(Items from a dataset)

'''

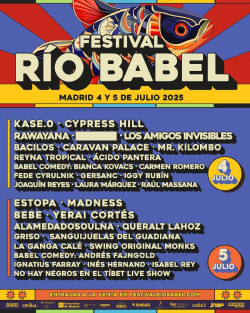 El festival R&iacute;o Babel confirma a Yerai Cort&eacute;s, Bebe o Caravan Palace, adem&aacute;s del escenario Babel Comedy, para humoristas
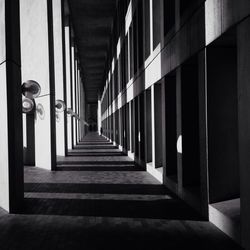 Corridor of building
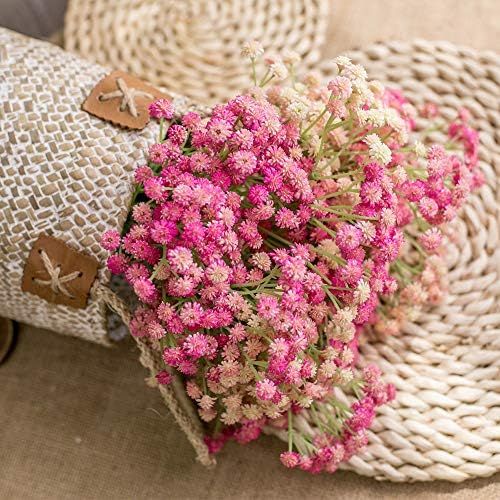  Brand: LucaSng LucaSng Real Touch Latex Artificial Gypsophila Silk Flower for Wedding, Party, Bride, Office Decoration Pack of 10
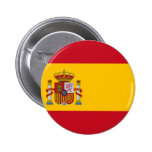 Spain flag pinback button
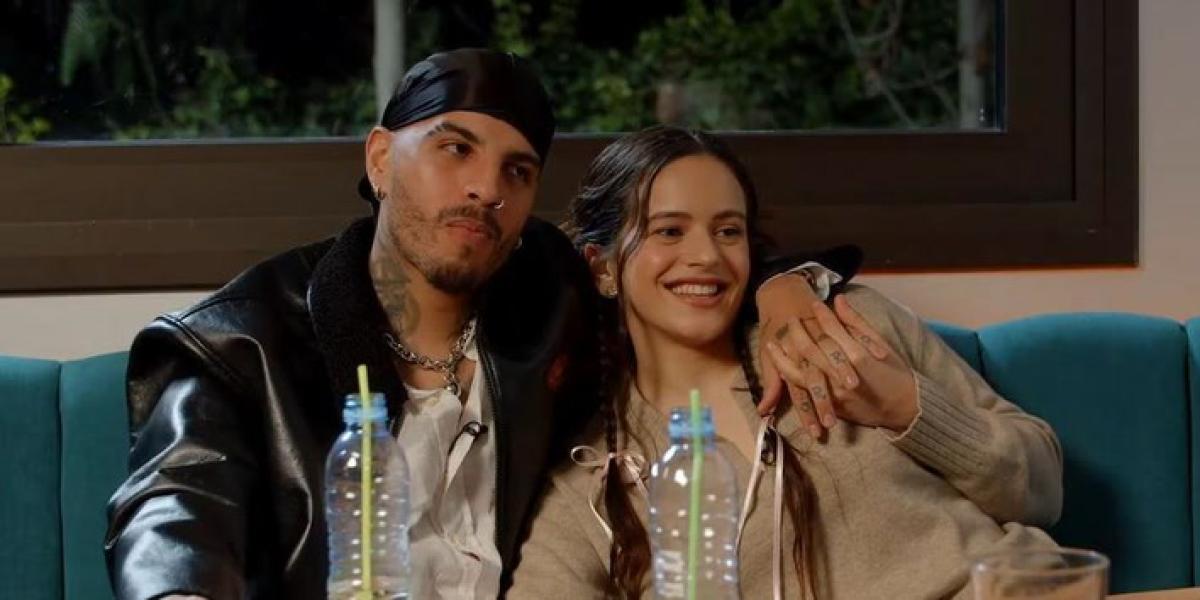 ¡Rosalía y Rauw Alejandro anuncian su compromiso en su último tema!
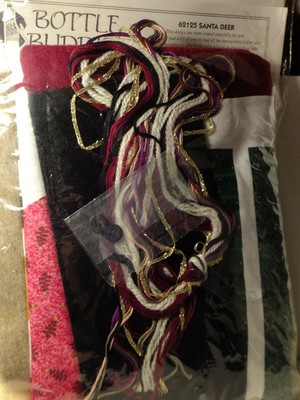 Dimensions Bottle Buddies Santa Mouse Fabric & Felt Kit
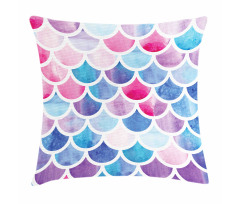 Pastel Mermaid Pattern Pillow Cover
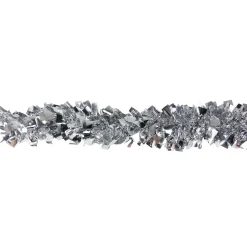 Unlit Garland*Northlight 12' X 4" Shiny Silver Boa Wide Cut Tinsel Christmas Garland - Unlit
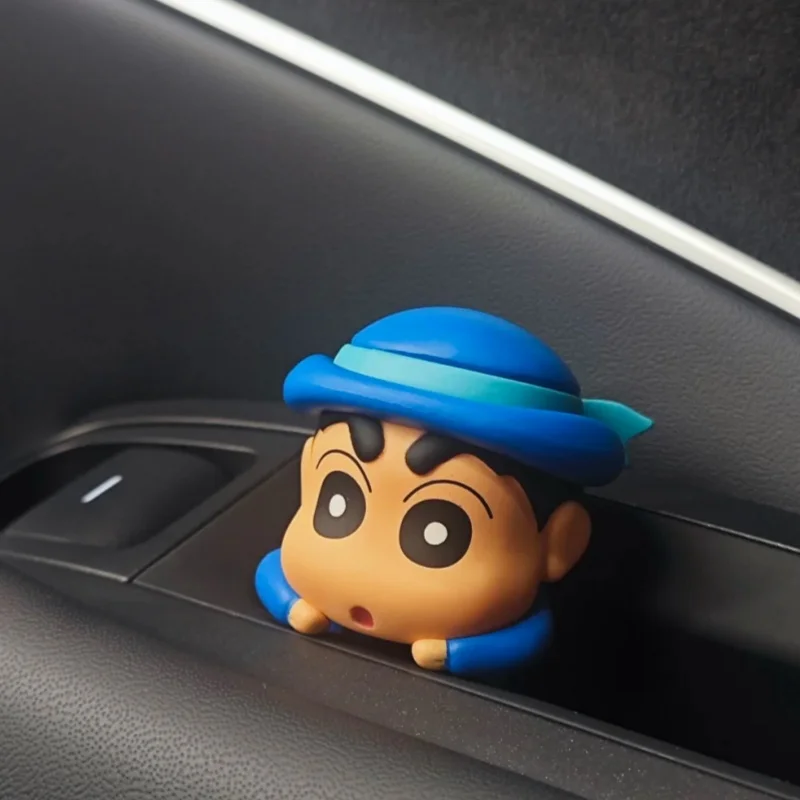 New Crayon Shin-Chan Blind Box Animation Figurine Hippers Mobile Phone Car Decoration Figurine Pendant Gift Anime Periphera Gift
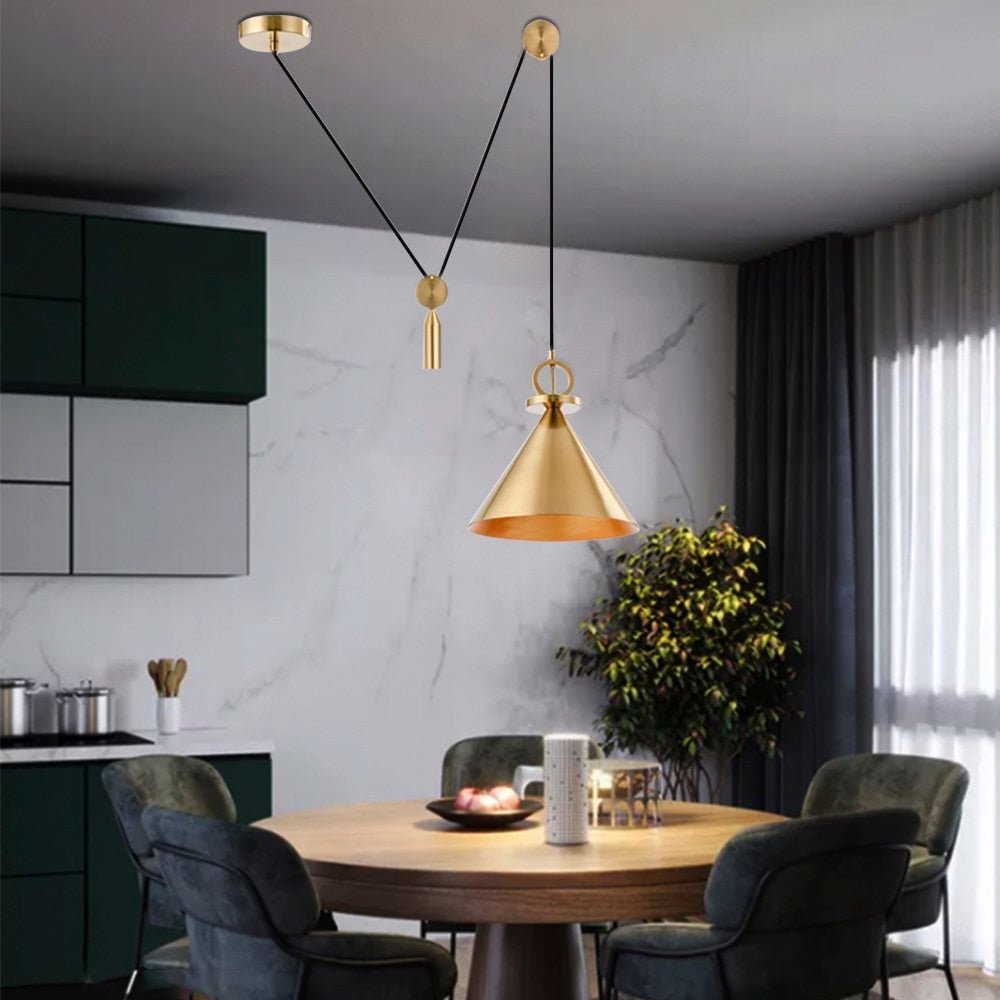 Mosrugs | LuxeBalance – Modern Copper Ceiling Lamp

'''

Leave out the pictures and return, exactly as written, only the lines from the line with "New Crayon Shin-Chan" through the end of the records above.

▸ REPLY TO THE TASK
 New Crayon Shin-Chan Blind Box Animation Figurine Hippers Mobile Phone Car Decoration Figurine Pendant Gift Anime Periphera Gift
 Mosrugs | LuxeBalance – Modern Copper Ceiling Lamp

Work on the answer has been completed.